• _DIRECTIONS_
Your output should be the lines from the one containing "woman wearing safety glasses" through the last line below, both ends included, exactly as written and free of pictures.

• _SOURCE DATA_
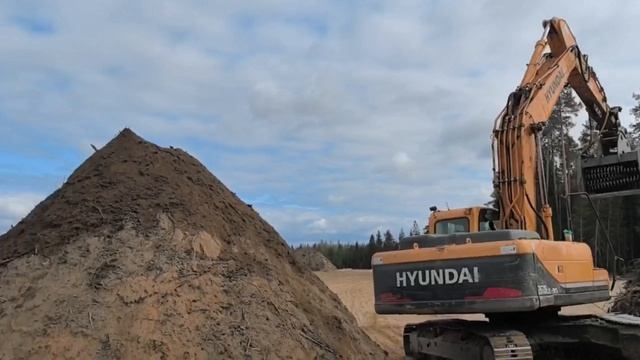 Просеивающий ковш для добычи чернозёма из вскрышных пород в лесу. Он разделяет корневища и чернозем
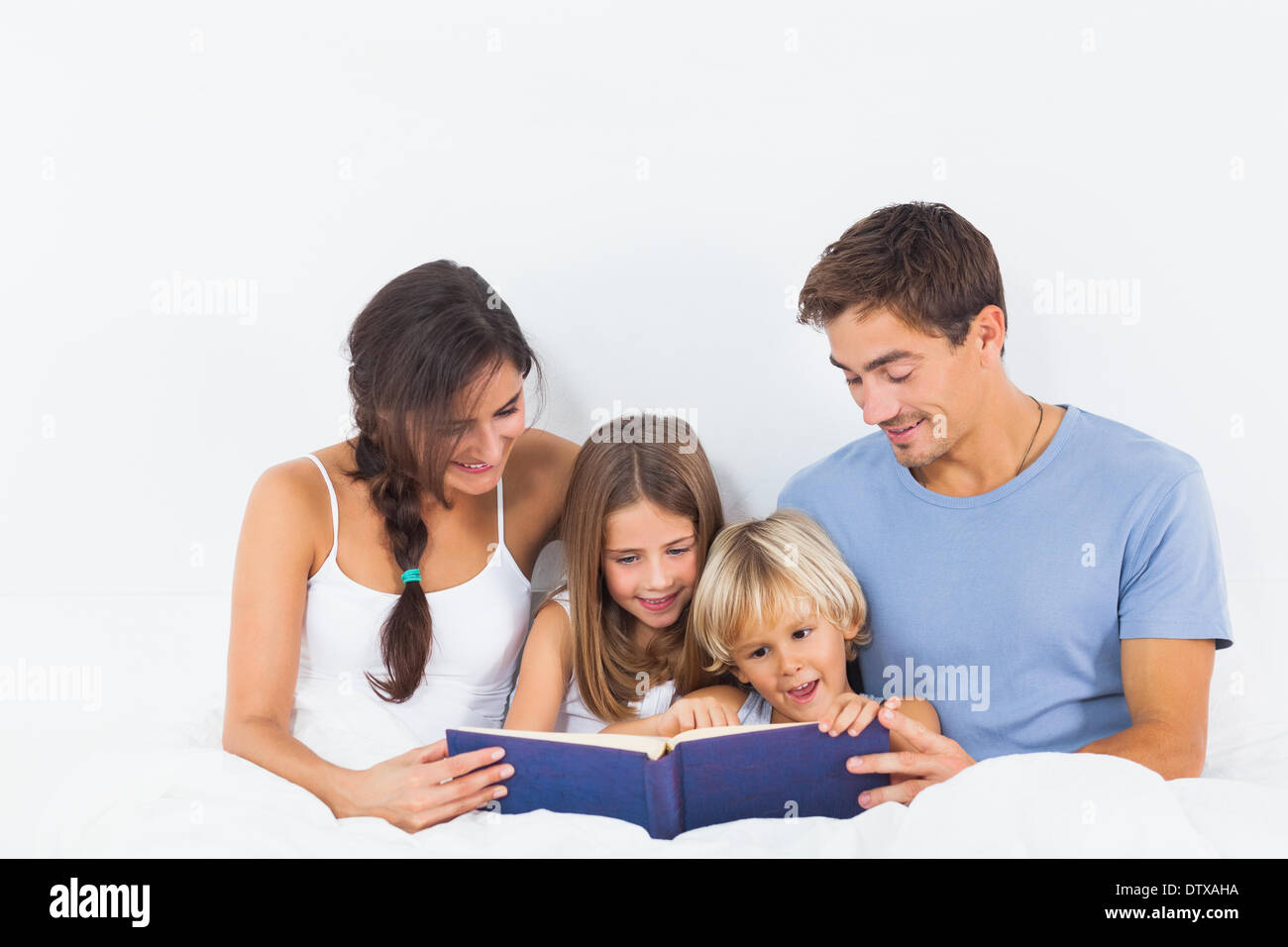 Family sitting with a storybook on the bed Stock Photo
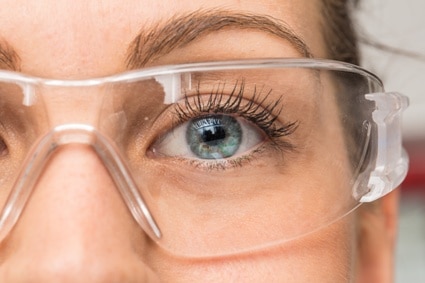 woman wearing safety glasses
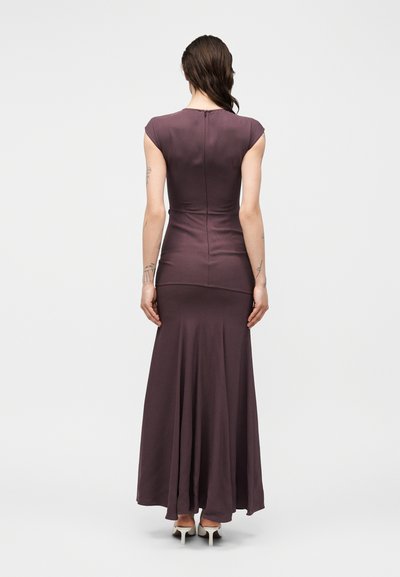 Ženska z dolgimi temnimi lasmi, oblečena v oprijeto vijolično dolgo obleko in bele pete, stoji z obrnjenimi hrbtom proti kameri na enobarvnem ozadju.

• _OUTPUT OF THE TASK_
 woman wearing safety glasses
 Ženska z dolgimi temnimi lasmi, oblečena v oprijeto vijolično dolgo obleko in bele pete, stoji z obrnjenimi hrbtom proti kameri na enobarvnem ozadju.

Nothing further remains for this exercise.